The graphic design process is featured in so many areas within the Seventy Ninth Group so it’s hard not to be proud of the marketing output the company has. But it’s a process of close collaboration from many people. It’s easy to think that when a brief is given, I sit at my desk, pencil in hand, and 20 minutes later, I’m sending off a final design. Sometimes, I wish it was that easy!

More often than not, once a brief has landed on my desk, it’s already been reviewed and edited by other people. Col, our Chief Marketing Officer, manages everything that comes through the department, so is able to oversee briefs to make sure they are clear and easily understood. Then the fun bit starts.

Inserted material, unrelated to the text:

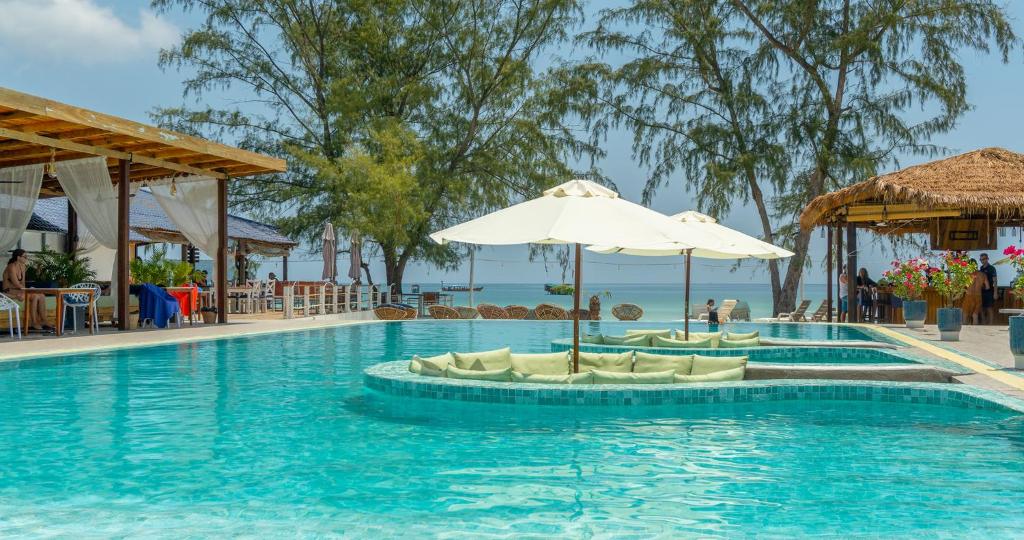 - une piscine avec des chaises et un parasol dans l'établissement Sara Resort, à Koh Rong Sanloem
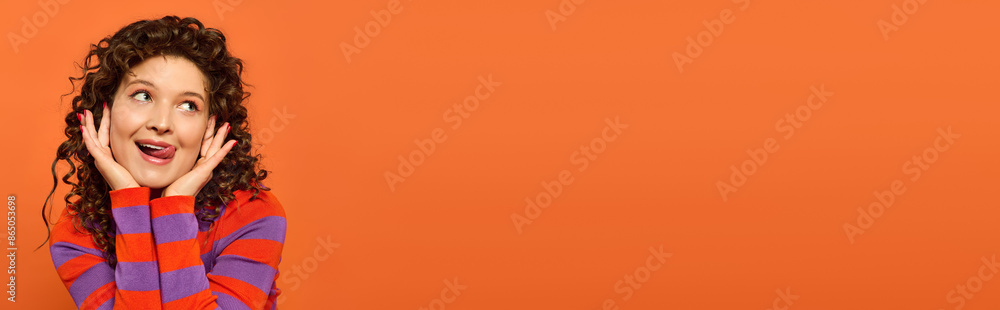 A young woman with curly hair smiles and sticks her tongue out while posing against a bright orange background. A young woman with curly hair smiles and sticks her tongue out while posing against a bright orange background.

Occasionally, I’ll view a brief and instantly know where that piece needs to go creatively to reach the final end product. Usually, though, I need to sit with a brief, read and re-read it, and develop a couple of ways it can be done. I’ll often scrap an idea or two along the way before asking the rest of the marketing team to look over the piece and get their opinion. This starts a whole cycle of review and sometimes involves going back to the drawing board.

We will often go through that process four or five times before I’m confident enough to send it over to Lydia and Jon in Compliance for their take on any content the piece contains, which usually turns into another round of revisions.

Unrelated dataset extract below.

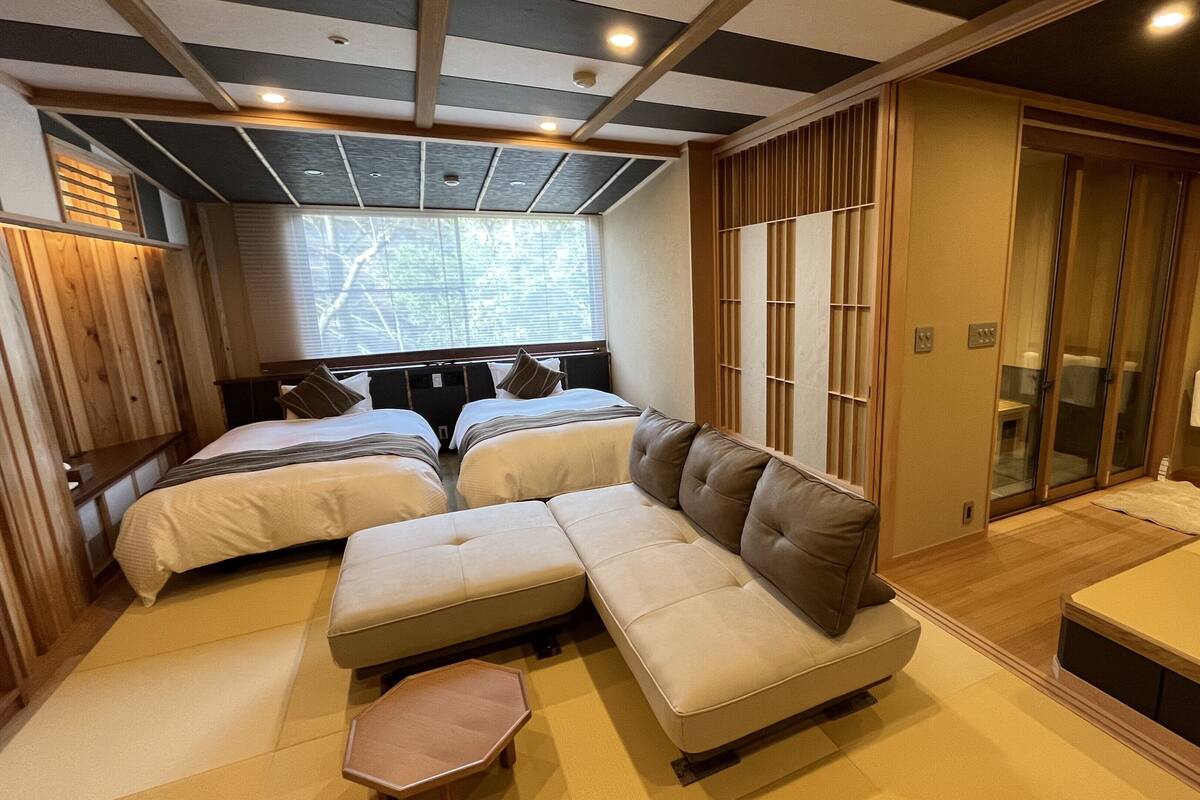 A hotel room with a sectional sofa, two single beds, a small table, and a sliding glass door leading to a bathroom.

By the time the whole process is complete, I can be on version 20 or 30 of a document when it gets its final sign-off – sometimes, that can take days or even weeks! I really care about how our brand is represented. It’s important that nothing leaves my desk until it fully follows our brand guidelines, hits the right touchpoints and feels authentic. It’s always worth it in the end, though, to see a piece of work that the whole team is pleased to send out, potentially around the world.

My journey to design

Graphic design has been my bread and butter for my whole career, and I’ve always had a creative eye. At the age of five, my mum used to have to take extra pens and little notebooks with her wherever we went because I’d always find time to sit and doodle in a corner somewhere.

I came to graphic design in a somewhat roundabout route. After watching Harry Potter and the Chamber of Secrets in the cinema at the age of 10, I was dead set on a career in the film industry, so that was the path I followed up until the end of my BA degree in Media Production. I decided to follow a more artistic route with my Masters in Animation, all the while doing freelance graphic design and traditional art commissions.

I found myself at the Seventy Ninth Group in 2022, where I progressed my career to a senior level and have developed a drive to continue to develop my interest in mentorship and leadership. I recently celebrated my first year at the Seventy Ninth Group, and what a whirlwind of a year it’s been – in a good way! The role has continued to present new and interesting opportunities for me to expand my skill set, and it’s great to be a part of a growing company with such a supportive team.

For me, design is an intrinsic part of life. Not just because I’ve built my career around creativity but because I genuinely believe that design has the power to positively impact our lives and the world around us. Design is emotive as much as it is practical. It brings colour, joy and interest to what would otherwise be a very grey and dismal existence. I love that my job can have some small impact on the wider world – I wouldn’t change it for a thing!